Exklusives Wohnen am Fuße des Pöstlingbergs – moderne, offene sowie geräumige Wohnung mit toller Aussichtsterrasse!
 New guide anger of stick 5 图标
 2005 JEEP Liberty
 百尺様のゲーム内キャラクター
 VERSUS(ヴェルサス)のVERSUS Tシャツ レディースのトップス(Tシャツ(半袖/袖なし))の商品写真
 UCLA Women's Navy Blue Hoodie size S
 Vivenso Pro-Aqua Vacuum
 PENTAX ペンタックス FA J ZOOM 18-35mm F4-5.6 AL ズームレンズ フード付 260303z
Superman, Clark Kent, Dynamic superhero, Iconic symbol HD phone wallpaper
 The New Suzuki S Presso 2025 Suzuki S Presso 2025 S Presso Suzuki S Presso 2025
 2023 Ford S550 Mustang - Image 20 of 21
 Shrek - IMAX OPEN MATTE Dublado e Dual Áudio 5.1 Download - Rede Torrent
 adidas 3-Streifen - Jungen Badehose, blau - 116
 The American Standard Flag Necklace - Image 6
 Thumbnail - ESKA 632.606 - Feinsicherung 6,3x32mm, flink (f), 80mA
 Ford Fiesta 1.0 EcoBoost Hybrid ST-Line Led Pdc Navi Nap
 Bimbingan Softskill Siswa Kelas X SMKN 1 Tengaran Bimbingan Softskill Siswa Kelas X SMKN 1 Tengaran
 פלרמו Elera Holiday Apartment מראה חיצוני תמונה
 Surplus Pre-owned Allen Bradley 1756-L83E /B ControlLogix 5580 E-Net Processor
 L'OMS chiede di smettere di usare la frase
= = = =
→ **How to complete this task**: Only one span is wanted. It runs from the first line of the listing through the line with "Thumbnail - ESKA", and each line must match exactly.

→ **Expected answer**:
Exklusives Wohnen am Fuße des Pöstlingbergs – moderne, offene sowie geräumige Wohnung mit toller Aussichtsterrasse!
 New guide anger of stick 5 图标
 2005 JEEP Liberty
 百尺様のゲーム内キャラクター
 VERSUS(ヴェルサス)のVERSUS Tシャツ レディースのトップス(Tシャツ(半袖/袖なし))の商品写真
 UCLA Women's Navy Blue Hoodie size S
 Vivenso Pro-Aqua Vacuum
 PENTAX ペンタックス FA J ZOOM 18-35mm F4-5.6 AL ズームレンズ フード付 260303z
Superman, Clark Kent, Dynamic superhero, Iconic symbol HD phone wallpaper
 The New Suzuki S Presso 2025 Suzuki S Presso 2025 S Presso Suzuki S Presso 2025
 2023 Ford S550 Mustang - Image 20 of 21
 Shrek - IMAX OPEN MATTE Dublado e Dual Áudio 5.1 Download - Rede Torrent
 adidas 3-Streifen - Jungen Badehose, blau - 116
 The American Standard Flag Necklace - Image 6
 Thumbnail - ESKA 632.606 - Feinsicherung 6,3x32mm, flink (f), 80mA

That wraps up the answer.